# bar tv licence



## mickles (Jun 17, 2010)

can anyone tell if the rumour's are true about a new law that bars showing tv programmes whether Spanish or English will soon require a licence to do so. not sure where it started but rumours are always riff over here.
thanks 
mick


----------



## snikpoh (Nov 19, 2007)

mickles said:


> can anyone tell if the rumour's are true about a new law that bars showing tv programmes whether Spanish or English will soon require a licence to do so. not sure where it started but rumours are always riff over here.
> thanks
> mick


Not heard that one - can't see why they would introduce a new licence. No one would gain.


----------



## sat (Jul 20, 2008)

Currently, if you own a commercial premises then, if you subscribe to Gol TV on TDT, or Canal+ (Spains satellite service), then you should use their commercial subscription and not a domestic subscription.

Just like in the UK where commercial premises require a commercial Sky or BT subscription.
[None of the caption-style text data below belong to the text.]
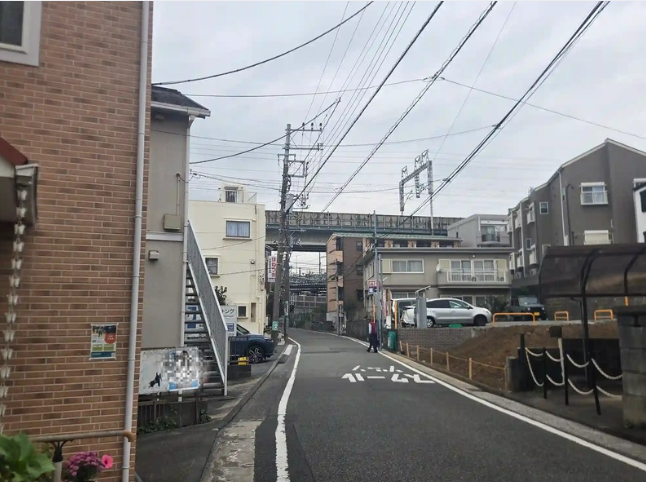 西谷駅近くの住宅街の道。低層のアパートや住宅のすぐ奥を鉄道の高架が横切っている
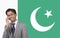 Portrait of young businessman using cell phone over Pakistani flag
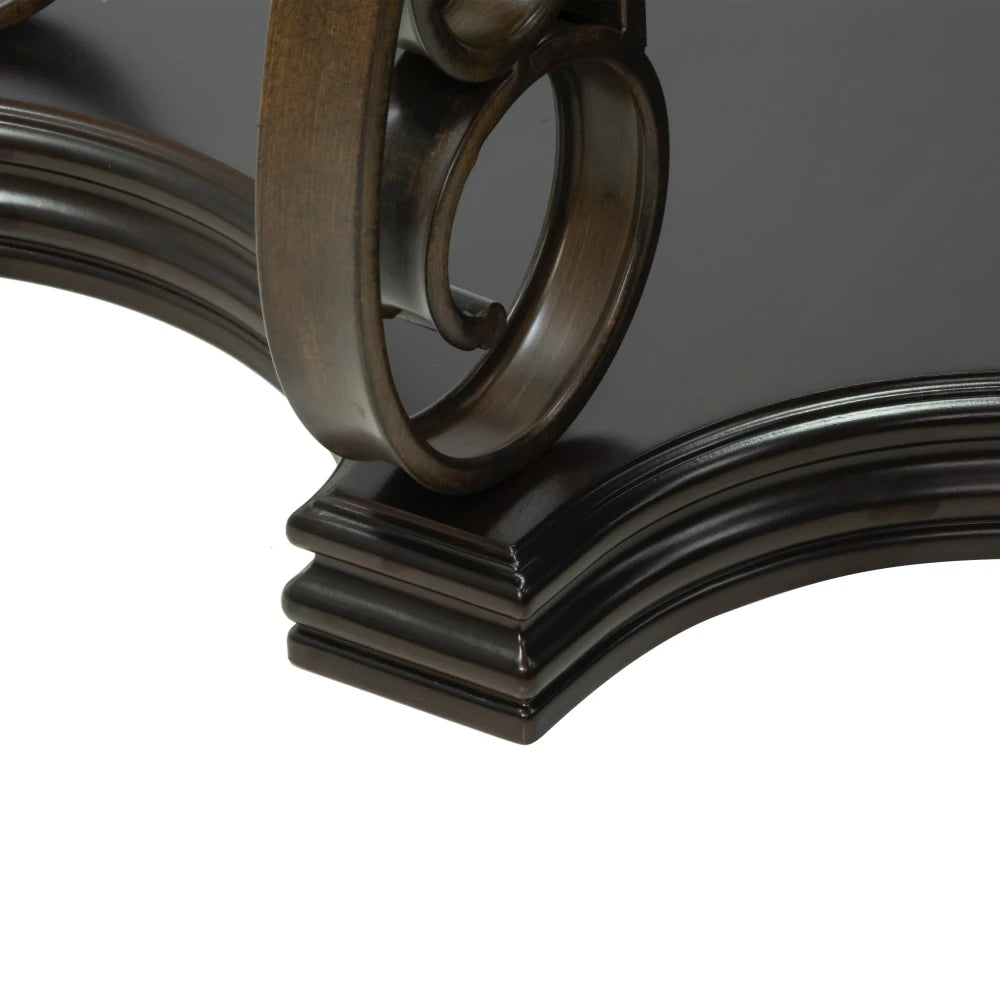 Close-up of the ornate metal frame of a modern metal and glass coffee table, showcasing its luxurious design and craftsmanship.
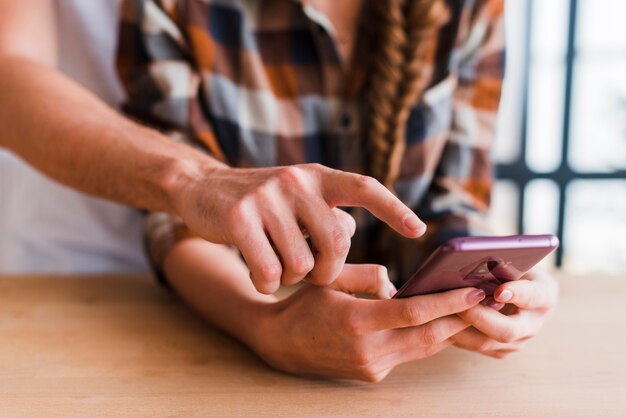 Casal de colheita usando smartphone juntos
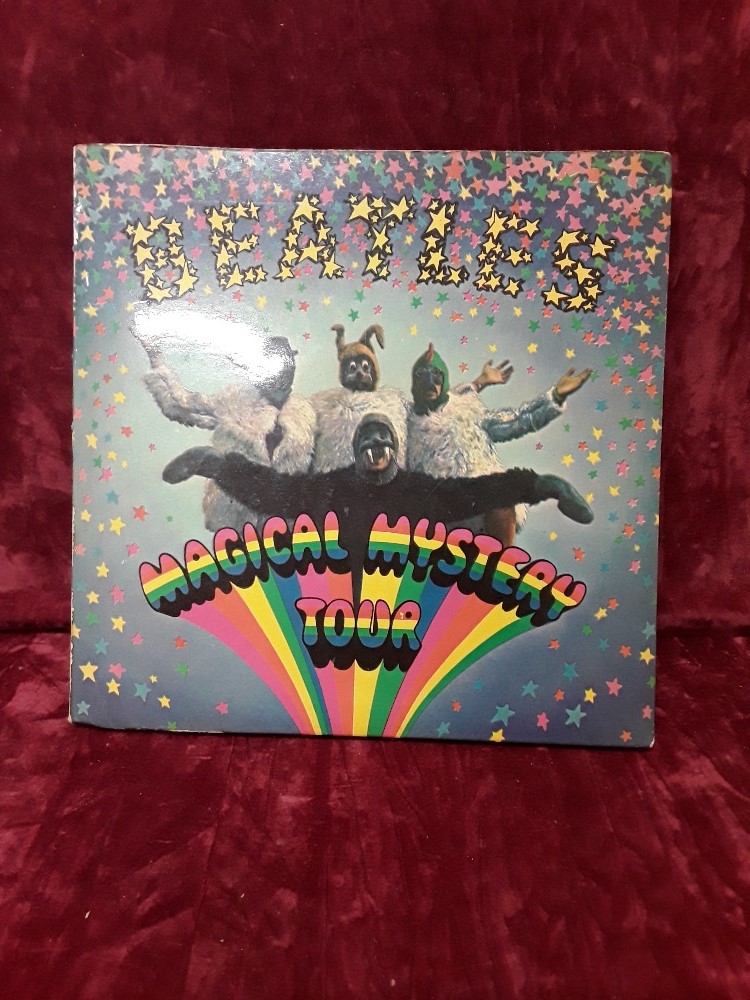 A "Beatles Magical Mystery Tour" Vinyl 33 ½ EP complete with EP book.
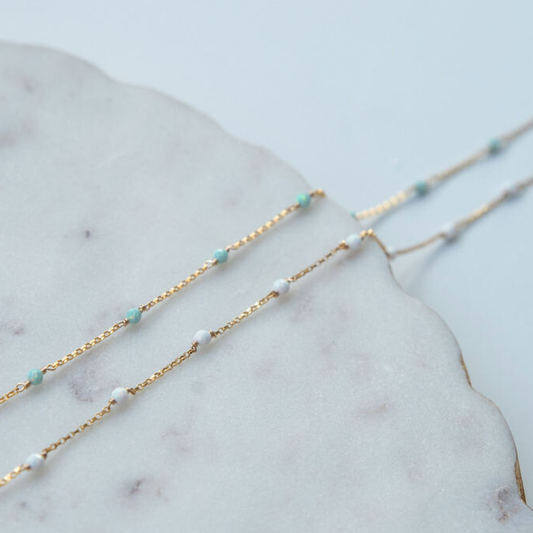 Two gold necklaces with opal blue  and white beads on a marble surface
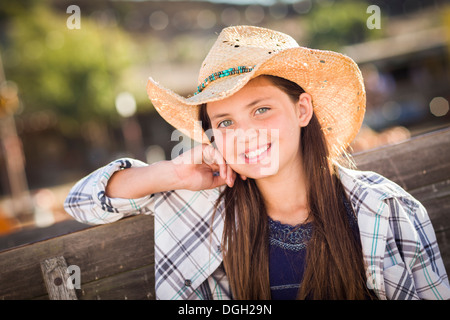 Preteen Mädchen tragen Cowboyhut Porträt im Kürbisbeet in rustikaler Umgebung. Stockfoto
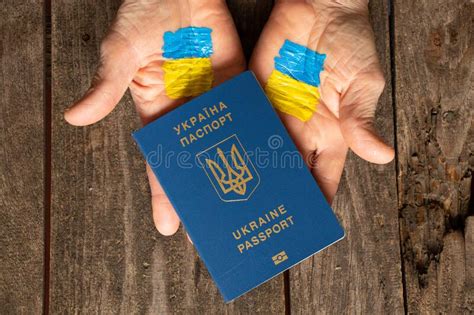 The National Flag Of Ukraine Is Drawn On The Hands Of A Woman And Next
But not heard anything about a "general" tv licence for commercial places in Spain...


----------



## Pesky Wesky (May 10, 2009)

mickles said:


> can anyone tell if the rumour's are true about a new law that bars showing tv programmes whether Spanish or English will soon require a licence to do so. not sure where it started but rumours are always riff over here.
> thanks
> mick


I don't think that's a new law.
20 years ago our local in Madrid had a fight with SGAE Sociedad General de autores y Editores) who fined the bar for not having a licence. All public places with tvs and radios are supposed to have a licence (Hairdresser's, bars, waiting rooms...) and from time to time inspectors go round and check.
I _think_ this is the relevant link
Escoge tu licencia | SGAE


----------



## Chopera (Apr 22, 2013)

Pesky Wesky said:


> ...All public places with tvs and radios are supposed to have a licence (Hairdresser's, bars, waiting rooms...) and from time to time inspectors go round and check.
> ...


Yes I remember them introducing this a couple of years ago. A hair dresser switches on a radio in the background and they can get prosecuted for not having a license!


----------



## snikpoh (Nov 19, 2007)

Chopera said:


> Yes I remember them introducing this a couple of years ago. A hair dresser switches on a radio in the background and they can get prosecuted for not having a license!


So that's the same as in UK then?


----------



## Pesky Wesky (May 10, 2009)

Chopera said:


> Yes I remember them introducing this a couple of years ago. A hair dresser switches on a radio in the background and they can get prosecuted for not having a license!


It's been there for a long time.
The last "story" to come to light, which probably coincides with the last drive by SGAE, was indeed fairly recently and featured a hairdresser


----------



## Chopera (Apr 22, 2013)

Pesky Wesky said:


> It's been there for a long time.
> The last "story" to come to light, which probably coincides with the last drive by SGAE, was indeed fairly recently and featured a hairdresser


OK - I must have caught the "uproar" and assumed it was a new law


----------



## Chopera (Apr 22, 2013)

snikpoh said:


> So that's the same as in UK then?


I believe so


----------



## mickles (Jun 17, 2010)

thanks for all your reply's. just another rumour then.
thanks


----------